### Task to complete
In the data below, begin at the line with "Waffle Knit Long" and stop after the line with "Framed Print : Outdoor"; output those lines exactly and no pictures.

START Dataset

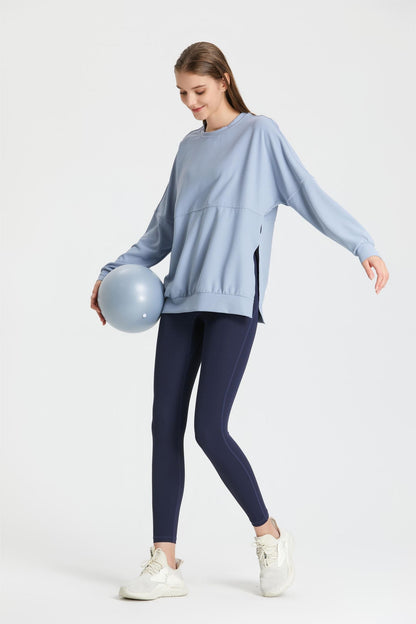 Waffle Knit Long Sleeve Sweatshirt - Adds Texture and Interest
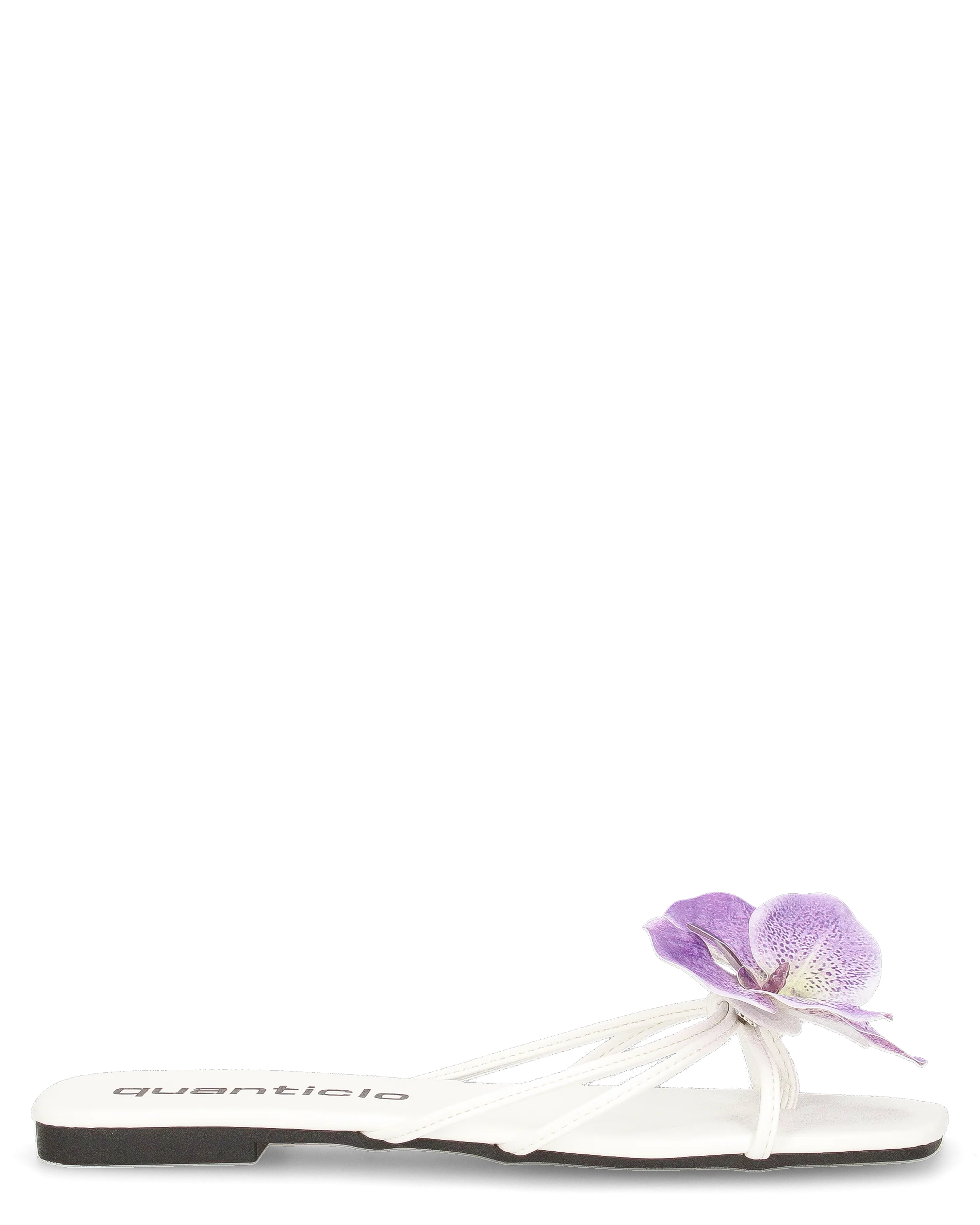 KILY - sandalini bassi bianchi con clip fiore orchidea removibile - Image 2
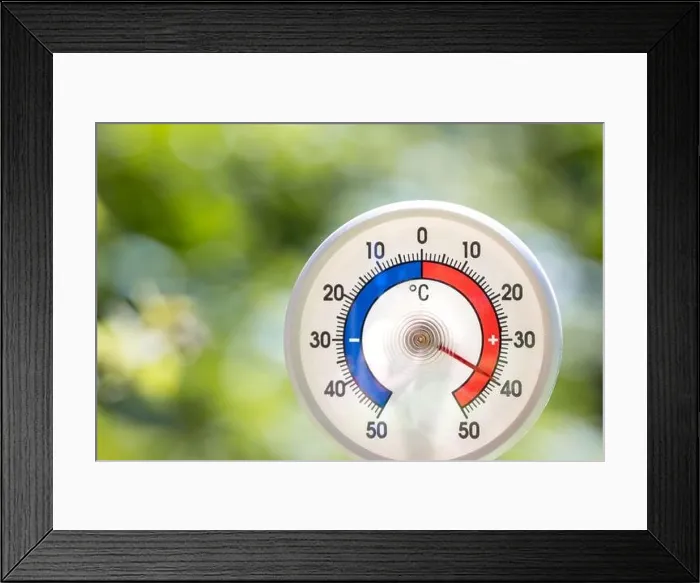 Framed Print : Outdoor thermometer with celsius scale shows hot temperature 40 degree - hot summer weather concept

END Dataset
START Dataset

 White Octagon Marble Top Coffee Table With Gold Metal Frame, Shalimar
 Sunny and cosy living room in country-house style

END Dataset

### Completed task
 Waffle Knit Long Sleeve Sweatshirt - Adds Texture and Interest
 KILY - sandalini bassi bianchi con clip fiore orchidea removibile - Image 2
 Framed Print : Outdoor thermometer with celsius scale shows hot temperature 40 degree - hot summer weather concept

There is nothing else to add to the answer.